Et l'on me parle de pitié, de clémence ! En vérité, il y a longtemps que nous avons oublié le vrai sens des mots. Prodiguer le bien d'autrui, aujourd'hui c'est libéralité ; audace dans le crime, c'est courage. Voilà où nous en sommes. Eh bien ! puisque telles sont les moeurs du temps, que l'on soit libéral des richesses de nos alliés ; que l'on soit clément pour les voleurs du trésor public ; mais au moins ne laissons pas faire des libéralités de notre sang, et pour épargner quelques scélérats ne consentons point à la perte de tout ce qu'il y a de gens de bien. C. César vient de disserter en bon orateur sur la vie et sur la mort ; apparemment parce qu'il regarde comme faux tout ce qu'on dit des enfers. Il ne croit pas qu'il y ait des chemins différents au delà de cette vie pour les bons et les méchants, et que ces derniers habitent des lieux sombres, incultes, horribles, épouvantables. Il veut que les biens de ces hommes soient confisqués, et eux-mêmes, qu'on les garde en prison dans des municipes, craignant sans doute qu'à Rome, leurs complices ou bien la multitude achetée ne les enlève de force, comme s'il y avait à Rome seulement des traîtres et des scélérats, comme si un coup de main audacieux n'était pas plus praticable là où les moyens de défense sont moindres. S'il redoute quelque danger de leur part, son projet est illusoire ; si au milieu de la terreur générale lui seul est rassuré, c'est pour moi et pour vous un motif de craindre davantage».

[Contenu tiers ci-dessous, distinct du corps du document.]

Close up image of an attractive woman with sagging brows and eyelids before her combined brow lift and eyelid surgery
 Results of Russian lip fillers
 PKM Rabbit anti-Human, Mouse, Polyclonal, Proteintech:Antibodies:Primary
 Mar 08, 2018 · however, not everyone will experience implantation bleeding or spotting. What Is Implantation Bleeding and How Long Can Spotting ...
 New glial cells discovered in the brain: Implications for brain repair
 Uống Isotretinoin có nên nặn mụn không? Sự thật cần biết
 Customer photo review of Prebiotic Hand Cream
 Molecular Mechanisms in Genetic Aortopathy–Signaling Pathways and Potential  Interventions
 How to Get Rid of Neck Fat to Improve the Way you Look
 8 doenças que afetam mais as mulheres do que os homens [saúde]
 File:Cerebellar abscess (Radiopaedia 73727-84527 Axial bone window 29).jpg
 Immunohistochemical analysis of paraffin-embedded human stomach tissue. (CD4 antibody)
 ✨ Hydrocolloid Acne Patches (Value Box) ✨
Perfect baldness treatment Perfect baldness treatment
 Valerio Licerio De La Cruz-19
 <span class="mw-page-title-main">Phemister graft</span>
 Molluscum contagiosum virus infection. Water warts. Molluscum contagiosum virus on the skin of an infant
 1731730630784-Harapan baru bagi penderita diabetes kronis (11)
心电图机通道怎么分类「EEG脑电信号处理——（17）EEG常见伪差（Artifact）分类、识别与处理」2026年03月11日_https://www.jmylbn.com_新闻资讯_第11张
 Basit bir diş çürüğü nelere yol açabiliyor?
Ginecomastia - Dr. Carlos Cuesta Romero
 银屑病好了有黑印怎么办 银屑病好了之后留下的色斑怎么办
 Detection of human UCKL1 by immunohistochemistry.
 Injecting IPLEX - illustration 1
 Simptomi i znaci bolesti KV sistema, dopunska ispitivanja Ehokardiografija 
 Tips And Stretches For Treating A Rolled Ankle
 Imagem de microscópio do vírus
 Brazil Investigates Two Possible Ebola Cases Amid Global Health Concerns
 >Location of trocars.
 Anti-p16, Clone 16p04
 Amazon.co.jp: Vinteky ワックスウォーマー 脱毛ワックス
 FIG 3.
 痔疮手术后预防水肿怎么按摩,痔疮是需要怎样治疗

Voilà une vive allusion à la complicité de César échappée à la prudence de Salluste ; nous retrouverons un trait semblable à la fin du même discours ; mais une attaque directe convenait davantage au caractère de Caton, et il est probable qu'il s'exprima plus clairement encore.

Après avoir montré que la faiblesse du sénat ne pourrait qu'accroître les forces et l'audace des conjurés en armes dans l'Etrurie, et que la clémence, dans une conjoncture si grave, ne serait qu'une preuve de lâcheté, l'orateur invoque les anciens exemples de la sévérité des magistrats, et rappelle la rigueur de Manlius Torquatus, qui fit trancher la tête à son fils pour avoir combattu contre ses ordres.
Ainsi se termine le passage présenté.